## Problem requirements
Every line of the records below from the line with "Luxury Mews In" up to and including the line with "发现没有，女人没结婚没生过孩子前，来生理期时，女性曲线这边一般是不会胀痛的" must be reproduced exactly, and no line outside that range.

[Scraped caption text data]
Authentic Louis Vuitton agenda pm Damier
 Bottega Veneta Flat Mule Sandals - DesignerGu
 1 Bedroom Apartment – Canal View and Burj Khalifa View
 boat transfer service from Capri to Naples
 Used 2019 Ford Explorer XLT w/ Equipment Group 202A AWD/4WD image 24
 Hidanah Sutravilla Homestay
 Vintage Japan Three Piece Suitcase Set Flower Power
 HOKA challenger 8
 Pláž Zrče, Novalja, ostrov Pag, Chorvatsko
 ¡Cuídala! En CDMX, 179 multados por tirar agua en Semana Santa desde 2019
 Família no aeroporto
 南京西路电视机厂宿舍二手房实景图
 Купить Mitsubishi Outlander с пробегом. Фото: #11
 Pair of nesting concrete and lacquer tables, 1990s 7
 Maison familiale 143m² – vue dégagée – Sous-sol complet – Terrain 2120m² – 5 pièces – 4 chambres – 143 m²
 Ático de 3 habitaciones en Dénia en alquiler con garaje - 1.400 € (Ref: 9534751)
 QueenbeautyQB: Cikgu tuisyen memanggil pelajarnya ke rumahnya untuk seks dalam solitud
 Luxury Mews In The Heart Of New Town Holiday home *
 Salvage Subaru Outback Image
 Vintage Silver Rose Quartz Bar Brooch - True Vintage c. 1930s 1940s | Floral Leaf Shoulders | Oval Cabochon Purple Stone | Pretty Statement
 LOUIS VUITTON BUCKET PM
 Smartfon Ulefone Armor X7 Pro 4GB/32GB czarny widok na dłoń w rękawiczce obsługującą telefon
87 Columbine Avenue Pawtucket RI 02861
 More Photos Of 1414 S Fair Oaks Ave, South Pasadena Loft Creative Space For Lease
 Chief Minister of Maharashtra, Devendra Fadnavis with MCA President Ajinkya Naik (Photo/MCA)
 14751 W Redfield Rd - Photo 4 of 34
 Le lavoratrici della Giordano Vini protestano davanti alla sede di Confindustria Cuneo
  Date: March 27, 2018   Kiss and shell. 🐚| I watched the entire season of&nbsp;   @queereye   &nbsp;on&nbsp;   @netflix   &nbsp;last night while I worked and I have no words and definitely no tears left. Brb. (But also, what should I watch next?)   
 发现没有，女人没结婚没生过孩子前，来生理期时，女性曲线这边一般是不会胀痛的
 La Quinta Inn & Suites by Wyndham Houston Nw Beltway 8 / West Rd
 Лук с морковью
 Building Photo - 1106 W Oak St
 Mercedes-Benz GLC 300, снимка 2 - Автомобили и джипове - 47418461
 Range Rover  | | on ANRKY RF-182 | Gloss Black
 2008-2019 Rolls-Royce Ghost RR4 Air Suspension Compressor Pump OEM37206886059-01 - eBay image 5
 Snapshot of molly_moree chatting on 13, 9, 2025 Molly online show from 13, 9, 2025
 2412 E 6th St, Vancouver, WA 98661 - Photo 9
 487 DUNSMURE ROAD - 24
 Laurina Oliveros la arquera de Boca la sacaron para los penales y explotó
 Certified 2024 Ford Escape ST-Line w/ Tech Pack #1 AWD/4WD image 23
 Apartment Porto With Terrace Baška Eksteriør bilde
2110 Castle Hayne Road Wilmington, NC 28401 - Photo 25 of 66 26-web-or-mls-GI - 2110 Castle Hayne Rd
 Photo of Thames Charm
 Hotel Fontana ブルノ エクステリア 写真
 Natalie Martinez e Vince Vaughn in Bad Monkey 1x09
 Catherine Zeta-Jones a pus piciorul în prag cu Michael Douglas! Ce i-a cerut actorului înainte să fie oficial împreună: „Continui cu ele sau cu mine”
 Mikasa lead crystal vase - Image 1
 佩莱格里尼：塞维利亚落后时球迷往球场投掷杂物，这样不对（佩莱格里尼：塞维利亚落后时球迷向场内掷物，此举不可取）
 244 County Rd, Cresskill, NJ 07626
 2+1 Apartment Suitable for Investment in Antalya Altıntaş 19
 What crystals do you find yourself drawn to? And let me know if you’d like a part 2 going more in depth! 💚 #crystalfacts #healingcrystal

## Task output
 Luxury Mews In The Heart Of New Town Holiday home *
 Salvage Subaru Outback Image
 Vintage Silver Rose Quartz Bar Brooch - True Vintage c. 1930s 1940s | Floral Leaf Shoulders | Oval Cabochon Purple Stone | Pretty Statement
 LOUIS VUITTON BUCKET PM
 Smartfon Ulefone Armor X7 Pro 4GB/32GB czarny widok na dłoń w rękawiczce obsługującą telefon
87 Columbine Avenue Pawtucket RI 02861
 More Photos Of 1414 S Fair Oaks Ave, South Pasadena Loft Creative Space For Lease
 Chief Minister of Maharashtra, Devendra Fadnavis with MCA President Ajinkya Naik (Photo/MCA)
 14751 W Redfield Rd - Photo 4 of 34
 Le lavoratrici della Giordano Vini protestano davanti alla sede di Confindustria Cuneo
  Date: March 27, 2018   Kiss and shell. 🐚| I watched the entire season of&nbsp;   @queereye   &nbsp;on&nbsp;   @netflix   &nbsp;last night while I worked and I have no words and definitely no tears left. Brb. (But also, what should I watch next?)   
 发现没有，女人没结婚没生过孩子前，来生理期时，女性曲线这边一般是不会胀痛的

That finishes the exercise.